Em julgamento realizado recentemente, a Terceira Turma do Superior Tribunal de Justiça (STJ) afastou a exigência de prestação de caução por pessoa jurídica estrangeira devidamente representada no Brasil e que pretenda ajuizar uma ação no país.[1]

No caso concreto, a ação foi extinta sem resolução do mérito pelo juízo de primeira instância sob o fundamento de que a autora, sociedade empresarial estrangeira, não havia efetuado o depósito da caução prevista no art. 835 do Código de Processo Civil (CPC) de 1973[2] (atual art. 83, CPC de 2015). O art. 835 dispõe que o autor, nacional ou estrangeiro, que residir fora do Brasil ou dele se ausentar no curso da ação, deverá prestar caução suficiente para cobrir as custas e honorários de advogado da parte contra quem maneja a ação, se não tiver no país imóveis que possam servir de garantia.

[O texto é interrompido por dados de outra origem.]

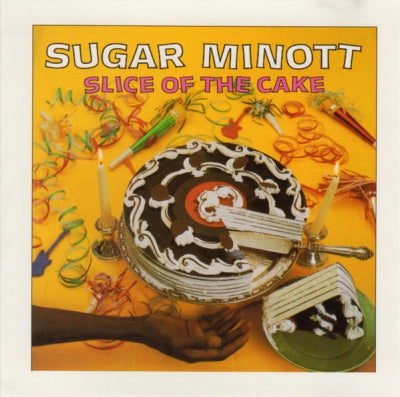 SUGAR MINNOTT - Slice Of The Cake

Em sede recursal, o Tribunal de Justiça do Estado de São Paulo (TJSP) manteve a extinção do processo, afirmando que a caução era exigível, pois a sociedade estrangeira não estava devidamente representada no país.

Contra a decisão, a sociedade estrangeira recorreu ao STJ alegando ter nomeado pessoa jurídica domiciliada no Brasil – mediante a celebração de contrato de agenciamento – como sua agente geral, com poderes, inclusive, para mover ações judiciais em defesa de seus interesses.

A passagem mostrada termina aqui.